One of the four official lakes lies below Pressmennan Wood in East Lothian , cared for by the Woodland Trust. Its position at the bottom of steep slopes makes it a great place for a short family stroll. Children are entertained thanks to the work of Robin Wood who has carved little homes in trees for the woodland creatures of his imagination, as well as carvings of wood. Further on you can enjoy the site of the loch’s end, often with swans in residence. Finally, unless you wish to see more carvings, there is a chance to go up a little hill and enjoy views towards the Firth of Forth.
DISTANCE: 3 miles.
HEIGHT CLIMBED: 440ft.
TIME: 1½ to 2 hours.
MAP: OS Landranger 67.
PARK: Leave the A1 at the Thistly Cross roundabout outside Dunbar and follow the B6370 for three miles, to Stenton. Go left at the end of the village (in front of a primary school) and just less than a mile down a narrow country lane go left again, following a brown sign for Pressmennan Wood down a track. There is a car park at the end of the track.

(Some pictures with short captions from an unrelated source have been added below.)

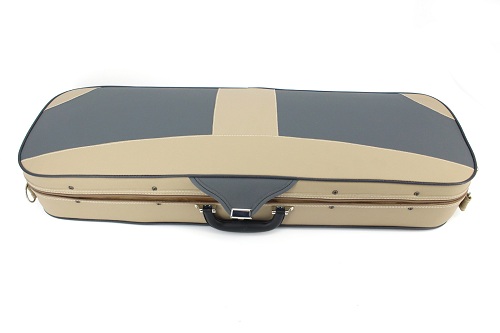 印花絨布高檔小提琴盒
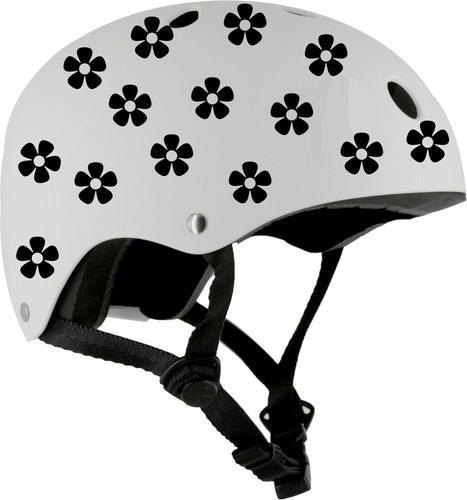Flower helmet stickers vinyl - helmet,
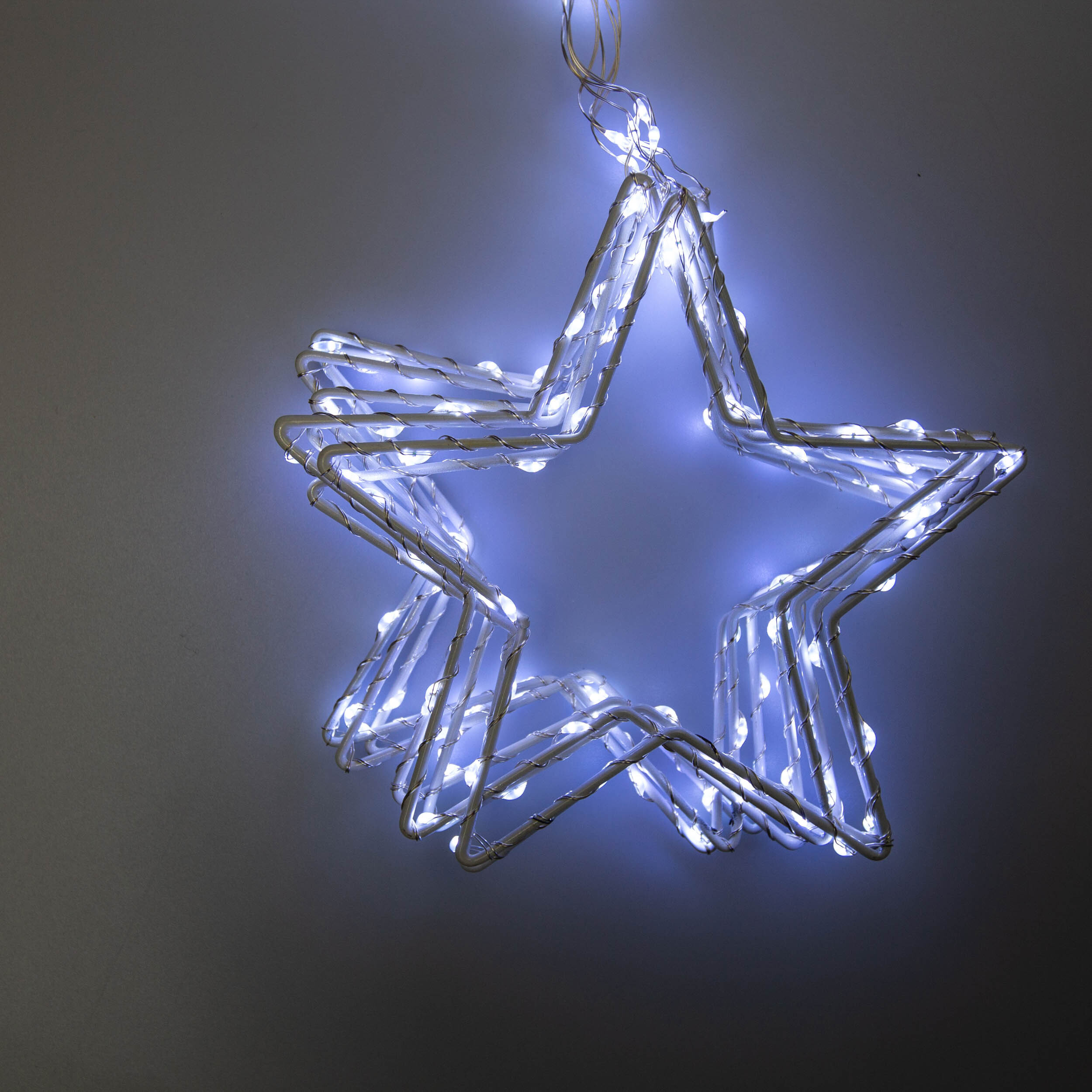 Изображение товара Гирлянда универсальная с подвесами Звезды Kurato MK-030WW 5 м белый теплый свет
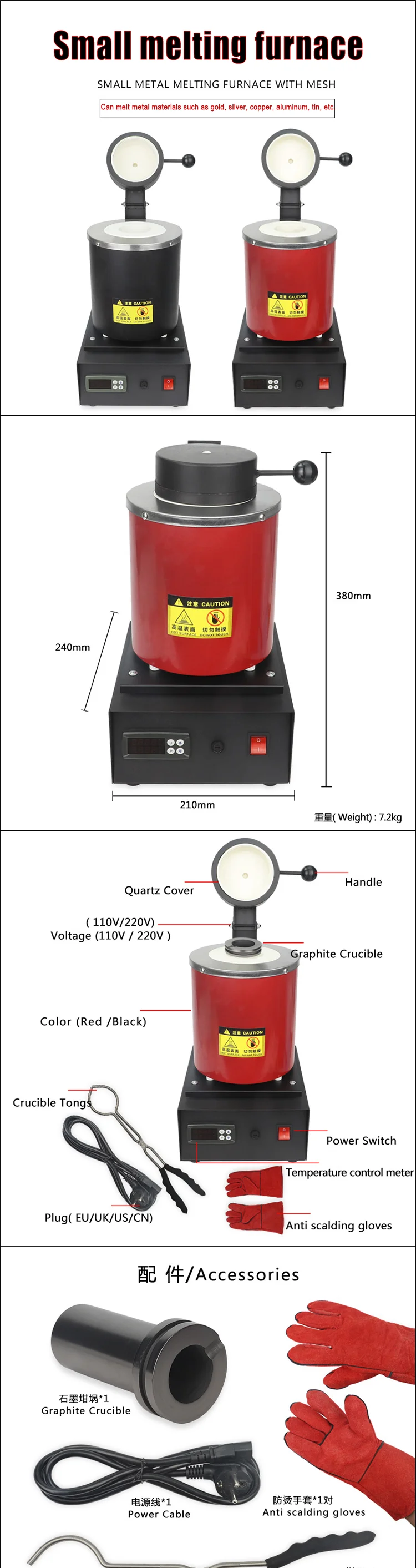 1Kg 2Kg 3Kg Lò Nhôm Đúc Thiết Bị Forge 5T Điện Arc Lò 600 Kg Nóng Chảy Crucible Nhôm Tái Chế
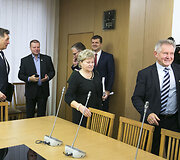Valstiečiai-žalieji ir socialdemokratai susitiko užbaigti derybų dėl koalicijos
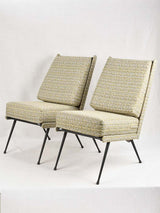 Pair of mid century Italian chairs with upholstery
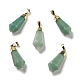 Aventurine verte naturelle a pendentifs(G-P474-02G-04)-1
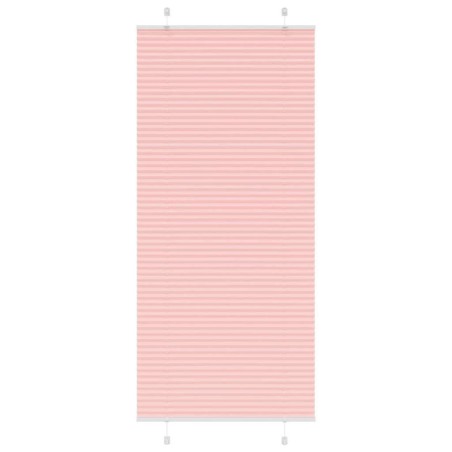 Store plissé rose 85x200 cm largeur du tissu 84,4 cm polyester 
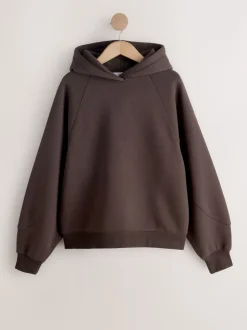Chocolate Brown Relaxed Fit Heavyweight Regular Length Hoodie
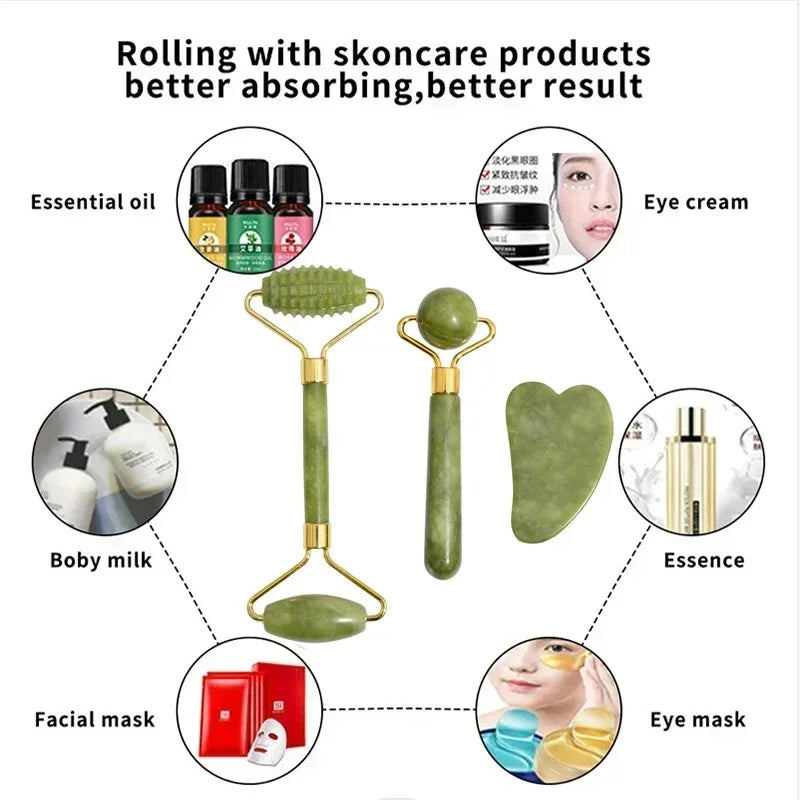 Radiant Glow Jade Roller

IN SUMMARY: Below the parking area follow a path on the right which starts next to a yellow-painted stone. After only a few yards you reach a track, where you go right.
Go right again almost immediately to leave the track and take a path alongside a small burn to reach the side of Pressmennan Lake.
You pass wooden sculptures and doors in trees which are home to an array of creatures before reaching a carved post with a hole in it – the Holey Posty – next to a track.
Go left to follow the track which gradually gains height before dropping down beyond the end of the lake – which can be seen down to the left, through the trees. When the track ends (at the bottom of the hill) go left to follow a grass path over a burn and back towards the lake. The path leads to a small dam at the end of the lake, which you cross. At the other end follow a muddy path (to the left side of bench) which leads up to the track again – go right to follow it back uphill.
Just after the track has begun to lose height you have a choice to make. If you have young children with you, the best option maybe to keep following the track all the way back to the car park – once past the Holey Posty again there are more carvings to enjoy.
For a more energetic return, and views over East Lothian to the Firth of Forth, go up a path to the left which climbs uphill and swings round to the right. After losing a little height, ignore a path going down to the right and continue uphill. In a dip with a small wooden seat you can enjoy a view through the trees to Bass Rock before continuing to picnic bench with views to Traprain Law and North Berwick Law. The path then drops down, all the way to the car park.